6.4 Selecting a sample point with the maximum characteristic value, and retraining the neural network model by using an input data set of the sample point so as to update parameters of the neural network model;

6.5 Returning to step 5).

The beneficial effects of the invention are as follows:

1) The invention optimizes the stacking sequence and material distribution of the mixed composite material from the microscopic scale, and compared with the mixed composite material optimized from the macroscopic scale, the invention has more accurate analysis and better accords with engineering practical application.

2) The single composite material is extremely complex in design and manufacture due to unique composition components, and further, the performance of a computer is very tested in the aspect of computer design optimization, but the mixed composite material is more complex than the single composite material, so that various optimization algorithms are used, the burden of a designer and the computer is greatly reduced, and meanwhile, the optimization accuracy is increased.

3) Compared with the traditional Genetic Algorithm (GA), the novel punishment objective function is provided, and aims to reduce optimization variables which do not meet constraint conditions, so that the calculation load of a computer is further reduced, the calculation speed is greatly improved, and the optimization accuracy is improved.

In a word, the method of the invention uses a plurality of optimization algorithms, thereby greatly reducing the burden of designers and computers, greatly improving the calculation speed, improving the optimization accuracy and being more suitable for engineering practical application.

Drawings

FIG. 1 is a schematic diagram of a hybrid composite model according to an embodiment of the present invention;

FIG. 2 is an iterative process of stacking order and material patch optimization in accordance with an embodiment of the present invention;

FIG. 3 is a finite element analysis flow of a hybrid composite material according to the present invention;

FIG. 4 is a flow chart of the hybrid composite optimization in the present invention.

Detailed Description

The invention will be further described with reference to the accompanying drawings and examples, but the scope of the invention is not limited thereto, and the method of the invention specifically comprises the following steps, as shown in fig. 3 and 4:

1. Determining basic information of the mixed composite material to be analyzed: the boundary condition is nine layers of mixed composite materials with four sides simply supported, the length L=0.508 m, the width W=0.406 m, and the thickness of each layer is deltaT=0.125 mm. The maximum overall cost parameter c=9.5 USD, the minimum value of failure probability is The relationship between the reliability parameter P _f and the failure parameter FI is: p _f = P [1-FI ]. Three alternative materials were selected: material I, material II and material III will be used in subsequent calculations to represent material I by "1", material II by "2" and material III by "3"; the layer stack sequence is selected from the angles [ -45,45,0,90] and recombined. Performance parameters/>Is defined as the natural frequency F _f. An example of modeling a hybrid composite material is shown in fig. 1.

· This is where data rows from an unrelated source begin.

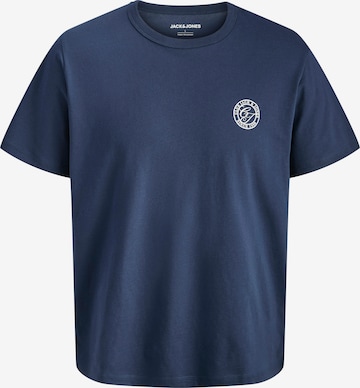 Jack & Jones Junior Shirt in Blue: front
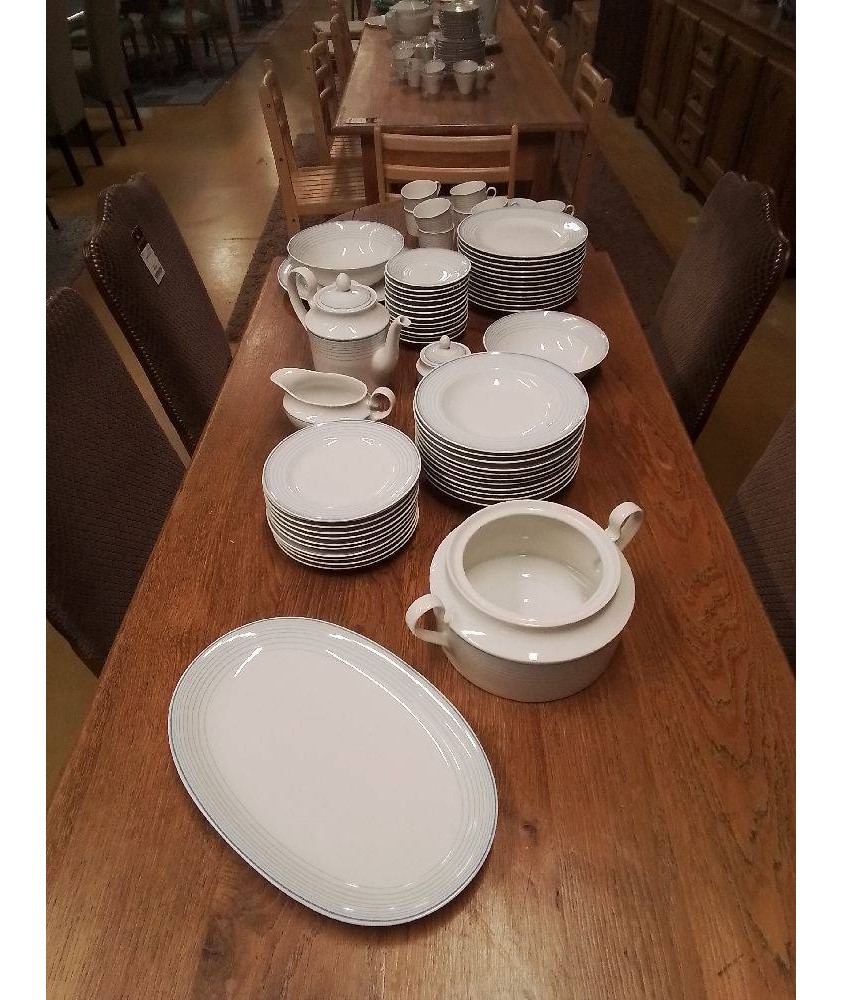 SERVICE 10 PERSONNES 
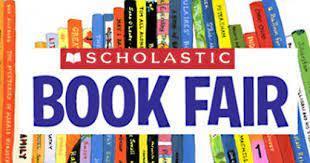 Scholastic Book Fair Online!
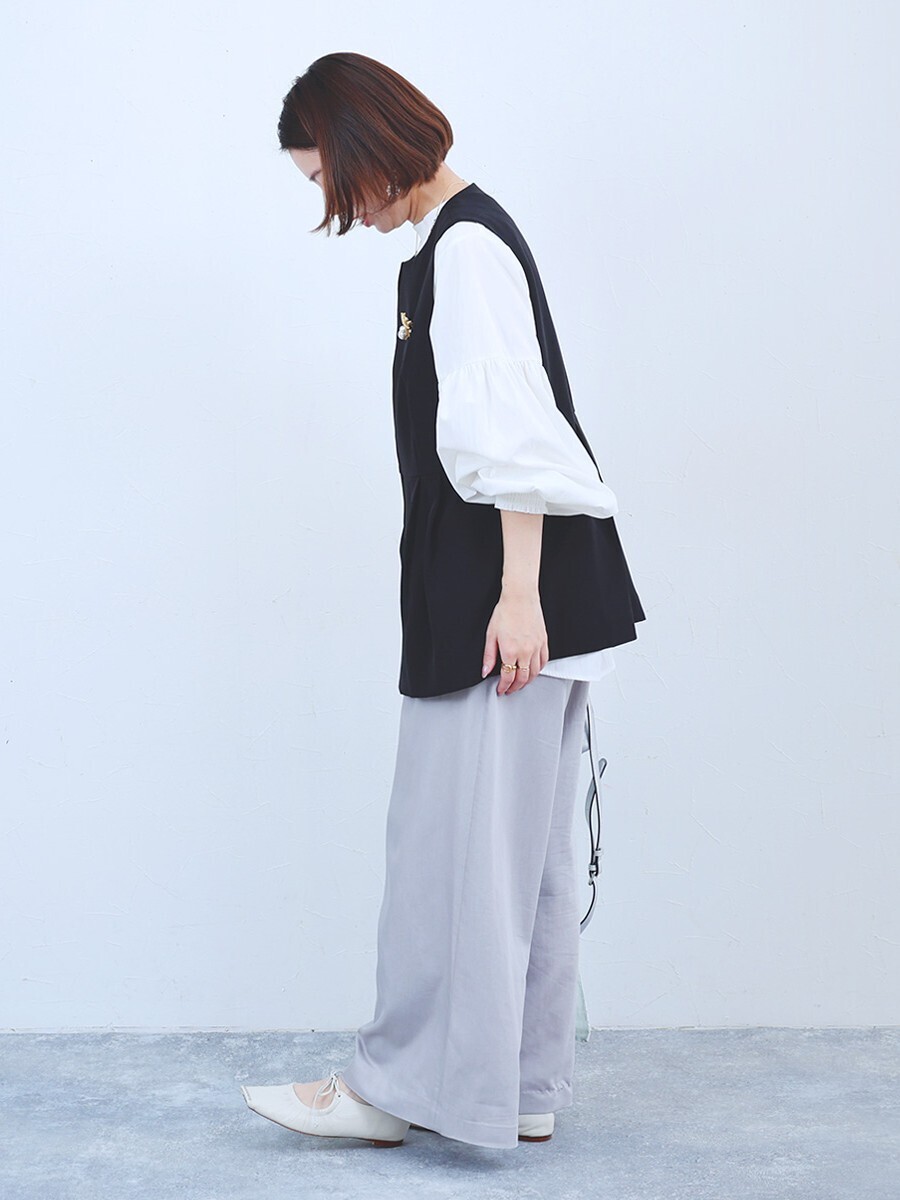 てらやまのコーデ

2. Uncertainty quantization is performed on microscopic properties of alternative materials (material I, material II, material III): the method specifically comprises the following steps:

Firstly, regarding each attribute parameter in the microscopic elastic attribute and the microscopic strength attribute of the candidate materials (material I, material II and material III) as different sparse variables y, and processing statistics under different distribution types theta _k and different distribution parameters epsilon of sampling distribution of the sparse variables y to obtain a probability density function f _y(y|ε,θ_k of the sparse variables y expressed by the following formula:

Wherein L (ε, θ _k) is the likelihood estimate of the sparse variable y under the distribution type θ _k and the distribution parameter ε, ε L (ε, θ _k) dε is the integral of the likelihood estimate of the sparse variable y with respect to the distribution parameter ε, θ _k represents the kth distribution type;

Obtaining a maximum likelihood estimated value L _max(ε,θ_k of the sparse variable y according to statistics of all likelihood estimated values of the sparse variable y under different distribution types theta _k and different distribution parameters epsilon, and then calculating information entropy AIC _k of different distribution types theta _k by adopting a minimum information criterion method:

AIC_k＝2num_k-2ln(L_max(ε,θ_k))

Where num _k represents the number of distribution parameters ε, L _max(ε,θ_k) represents the maximum likelihood estimation value of the sparse variable y under the distribution type θ _k and the distribution parameters ε, AIC _k represents the information entropy of the kth distribution type, and k represents the ordinal number of the distribution type;

Then, the probability values P _{θ_k} of different distribution types are obtained using the following formula:

P_{A_k}＝exp((AIC_min-AIC_k)/2)

Wherein AIC _min represents the minimum information entropy;

Finally, the distribution type theta _k with the probability value P _{θ_k} being larger than the distribution type probability threshold value P _Δ is used as the distribution type of the sparse variable y, namely the distribution type of the microscopic attribute of the candidate material set corresponding to the sparse variable y.

And obtaining the distribution type of the microscopic attributes of the alternative materials (material I, material II and material III) after the uncertainty is quantified, wherein the microscopic attributes of the alternative materials (material I, material II and material III) have microscopic elastic attributes and microscopic strength attributes.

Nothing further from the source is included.